Visualize embeddings of individual tokens
How do different LLMs represent similar tokens? In this note I visualize the embedding and the hidden representation of tokens inside the models.
The main approach to visualize is first capturing the embeddings & hidden representations, and second reducing the high dimensions to 2D with PCA to plot on scatter plot.
I’m interested in how token meanings are represented inside the model. Though it is generally understood (or assumed) that similar tokens are close to each other in the manifold, it would be nice to actually see it.
Specifically, we will visualize categories of words to see whether the embedding and hidden representation of cluster according to their category, using the Qwen3-4b-Instruct model. The following words will be examined:
Words by category
WORDS_BY_CATEGORIES = {
"boy_first_names": [
"James", "John", "Michael", "David", "Daniel",
"Matthew", "Andrew", "Thomas", "Mark", "Paul",
"Peter", "Kevin", "Brian"
],
"girl_first_names": [
"Mary", "Sarah", "Emma", "Emily", "Jessica",
"Anna", "Laura", "Lisa", "Jennifer", "Karen",
"Amy", "Rachel", "Susan"
],
"countries": [
"France", "Spain", "Italy", "Japan", "China",
"Brazil", "Canada", "Mexico", "India", "Egypt",
"Greece", "Turkey", "Peru"
],
"capitals": [
"Paris", "London", "Rome", "Tokyo", "Berlin",
"Madrid", "Ottawa", "Cairo", "Athens", "Moscow",
"Beijing", "Delhi", "Lima"
],
"colors": [
"red", "blue", "green", "yellow", "orange",
"purple", "pink", "brown", "black", "white",
"gray", "silver", "gold"
],
"months": [
"January", "February", "March", "April", "May",
"June", "July", "August", "September", "October",
"November", "December"
],
"emotions": [
"happy", "sad", "angry", "excited", "scared",
"surprised", "confused", "proud", "worried", "calm",
"nervous", "grateful", "lonely"
],
"action_verbs": [
"run", "jump", "walk", "swim", "dance",
"sing", "eat", "sleep", "read", "write",
"play", "talk", "laugh"
],
"occupations": [
"teacher", "doctor", "nurse", "chef", "pilot",
"farmer", "artist", "writer", "lawyer", "engineer",
"dentist", "police", "firefighter"
]
}
Visualizing the embedding, we can clearly see the “months” tokens occupy a separate cluster, staying far from the rest. The “colors” tokens also distinctively occupy a separated region. The “countries” and “capitals” tokens cluster together. The “boy_first_names” and “girl_first_names” tokens cluster with each other but still have a visible separation. The remaining “emotions”, “action_verbs” and “occupations” tokens mingle more heterogeneously with each other.
From layer 0 to layer 5, the internal representations are shuffled around, but generally they still form visibly distinctive clusters.
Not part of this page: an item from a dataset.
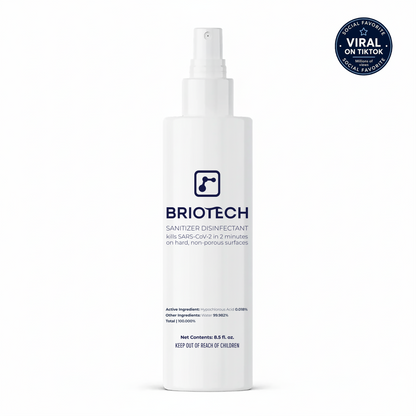 A white bottle of Sanitizer Disinfectant with a spray top, featuring text describing its effectiveness against SARS-CoV-2, and a blue circular “Viral on TikTok” badge in the top right corner. Ideal for cleaning non-porous surfaces and effective against bacteria and viruses.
After layer 6, the internal representation suddenly becomes much more heterogeneous. And it stays visually very similar like that until layer 33. It seems the model mostly modifies non-dominant dimensions of the token representation. Earlier probes of Qwen3-4b also show significant change in hidden representation between layer 6 and earlier layers. This plot confirms the same, and I would like to investigate what exactly happens in this layer.
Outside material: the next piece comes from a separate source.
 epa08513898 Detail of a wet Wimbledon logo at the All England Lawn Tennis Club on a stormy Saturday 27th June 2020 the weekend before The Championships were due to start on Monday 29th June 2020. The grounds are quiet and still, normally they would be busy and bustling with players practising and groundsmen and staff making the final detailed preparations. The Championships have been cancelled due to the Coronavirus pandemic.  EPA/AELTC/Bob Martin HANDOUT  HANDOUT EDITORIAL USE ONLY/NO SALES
The representation changes more visibly in the last 2 layers, presumably to suit with the next token prediction task.

When each layer is plotted against the PCA projection of embedding layers, we can see the tokens gradually scatter in the first few layers, then become linear and grow greatly in scale from layer 6 onward. Related tokens still stay close to each other. Among these plots, the “linearization” of representation looks interesting. This behavior similarly shows up in other models of the Qwen3 family, but not in other families such as gpt-oss. I wonder how the training data and training strategy contribute to this phenomenon.
Looking at the visualization from larger models (such as gpt-oss-20b, gpt-oss-120b, olmo3-7b,…) also shows that the embedding and hidden representation of such categories are distinctly preserved. The clusters even remain distinctive in the representation of the last layer. I wonder if through these visualizations, we can in some way compare model capability, similar to how the fractured representation hypothesis shows a much cleaner representation of evolutionary-trained models compared to backprop-trained models.
(This post is accompanied by this notebook in case you want to replicate some visualizations or try the visualizations on other models).